Member of the Legislative Council
- In office 1905–1908, 1911–1929
- Constituency: Suva

Personal details
- Born: 5 February 1861 Melbourne, Victoria
- Died: 5 June 1938 (age 77)
- Spouse: Annie Abrahams
- Profession: Businessman

= Henry Marks =

Australian-Fijian politician (1861–1938)

Sir Henry Marks (5 February 1861 – 5 June 1938) was an Australian-born Fijian politician, serving as a member of the Legislative Council of Fiji for over twenty years. Alongside Robert Crompton, John Maynard Hedstrom and Henry Milne Scott, he was one of the 'big four' that heavily influenced the Fijian economy and political sphere in the first half of the 20th century.

==Biography==
Marks was born in Melbourne, Victoria in 1861, the son of Jewish parents Henry Marks and his wife Mary (née Aaron or Heron), who were from Birmingham in England. He moved to Fiji at the age of 20, initially working as an import/export trader, before becoming a labour agent in New Caledonia, the New Hebrides and the Solomon Islands. When he returned to Fiji he established Henry Marks & Co, a merchant and commercial agency firm. He was involved in several other businesses, serving as chair of the board at Pacific Insurance and Sturt Ogilvie and as a director at Brown & Joske, Morris Hedstrom and Fiji Oil Mills. He married Annie Abrahams in 1883; the couple had three daughters and two sons. He joined the Fiji Volunteer Force when it was formed in 1898, initially holding the rank of a captain, before becoming a Major in 1902. In 1937 he was made Honorary Colonel of the Fiji Defence Force.

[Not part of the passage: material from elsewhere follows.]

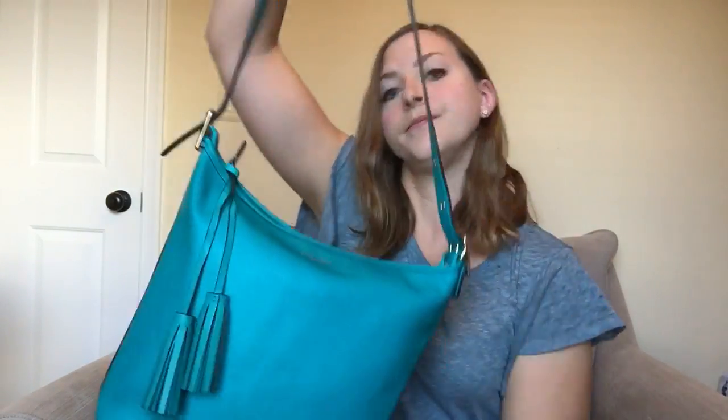So that's the legacy duffel in the color tourmaline — my favorite color of all time. I love this color and I'm so excited to wear it.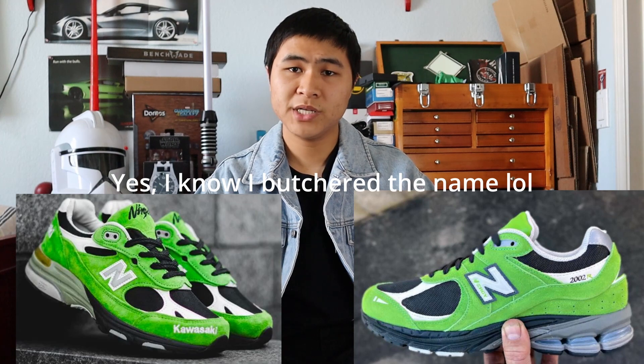Next up, we have a 2002R general release colorway in a bright green and black colorway. This colorway is heavily inspired by the Kawasaki 993 colorway. Obviously this colorway does not feature any Kawasaki branding, so it'll just be a GR inspired by an older collab, but I think it's a very nice colorway. It's very loud, and as you all know, I really like my loud shoes. The shade of green is really nice and I like how it contrasts with the black. Technically this shoe was actually leaked earlier this year, but I only found better images during this month, which is why it's in this video.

In 1905 Marks was elected to the Legislative Council for the Suva constituency in the first elections since 1871. Although he lost his seat in the 1908 elections, he returned to the Council following the 1911 elections, and was subsequently re-elected in 1914, 1917, 1920, 1923 and 1926. During his time in the Legislative Council he also served on the Executive Council. He was Commissioner of Currency from 1913 until 1929, and heavily involved in the introduction of the Fijian pound; as a result, his name was included on the banknotes for several years. Marks was also a longstanding member of Suva Municipal Council until retiring at the start of the 1930s and served as the town's mayor from 1926 until 1930.

Following changes to the setup of the Legislative Council in 1929, Marks contested the Southern seat in the 1929 elections, but was defeated by Henry Milne Scott and Alport Barker.

Marks was also involved in philanthropy and donated £5,000 (plus another £5,000 from his company) to found the Colonial War Memorial Hospital in Suva, later also donating an x-ray machine to it. In the 1918 New Year Honours he was made a CBE; he was knighted in the 1933 Birthday Honours. Marks died in 1938.